Jika dana APBD masih belum memadai, Dinas Pendidikan dapat bekerja sama dengan Dinas (lembaga) lain untuk menyalurkan buku-buku pelajaran dalam bentuk kredit. Kredit ini harus tanpa bunga, angsuran ringan, proses cepat, dan tidak bersifat paksaan. Dalam hal ini, Dinas Pendidikan perlu menghitung kebutuhan buku per siswa per mata pelajaran di seluruh kecamatan di Kutai Barat. Pihak sekolah harus menjadi penanggung jawab program kredit buku karena paling memahami keadaan sosial-ekonomi siswa di sekolah mereka. Cara ini harus benar-benar dilandasi semangat membantu siswa dan bukannya justru memberatkan mereka. Terhadap siswa-siswa termiskin perlu diberikan beasiswa tidak saja berupa uang, pembebasan biaya sekolah, dan fasilitas sekolah, melainkan juga dalam bentuk buku-buku pelajaran. Cara selanjutnya adalah dengan mengembangkan kelompok-kelompok belajar siswa yang dapat saling bekerja sama dalam mempelajari isi buku-buku teks. Upaya ini harus diikuti gerakan penyadaran arti pentingnya buku dan gerakan gemar membaca sebagai kebutuhan pembangunan masyarakat Kutai Barat.


Penutup
Reformasi total pendidikan di Kutai Barat dapat dijadikan perwujudan kongkret program aksi Gerakan Sendawar Makmur (GSM) yang sudah memasuki tahun kedua. GSM akan kehilangan artinya jika mengabaikan permasalahan-permasalahan dan kebutuhan pengembangan pendidikan sebagai modal sosial dalam membangun manusia dan menanggulangi kemiskinan penduduk Kutai Barat. Sebagai tindak awal, seluruh pihak yang berkompeten dalam GSM dan pendidikan perlu menyamakan persepsi terhadap kebutuhan reformasi total pendidikan di Kutai Barat.

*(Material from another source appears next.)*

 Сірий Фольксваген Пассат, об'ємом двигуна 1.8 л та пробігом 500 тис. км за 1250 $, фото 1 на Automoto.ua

Dalam hal ini mitra Pemkab (Pustep UGM) dapat dilibatkan dalam memberikan sumbangan pemikiran yang kemudian perlu dirumuskan bersama sebagai program aksi yang membutuhkan pengorganisasian elemen-elemen pendidikan dan elemen GSM di Kutai barat. Demikian, upaya ini merupakan investasi sosial dan dan investasi manusia dalam program pembangunan jangka panjang yang harus dimulai sekarang dan hasilnya dapat dipetik di masa depan.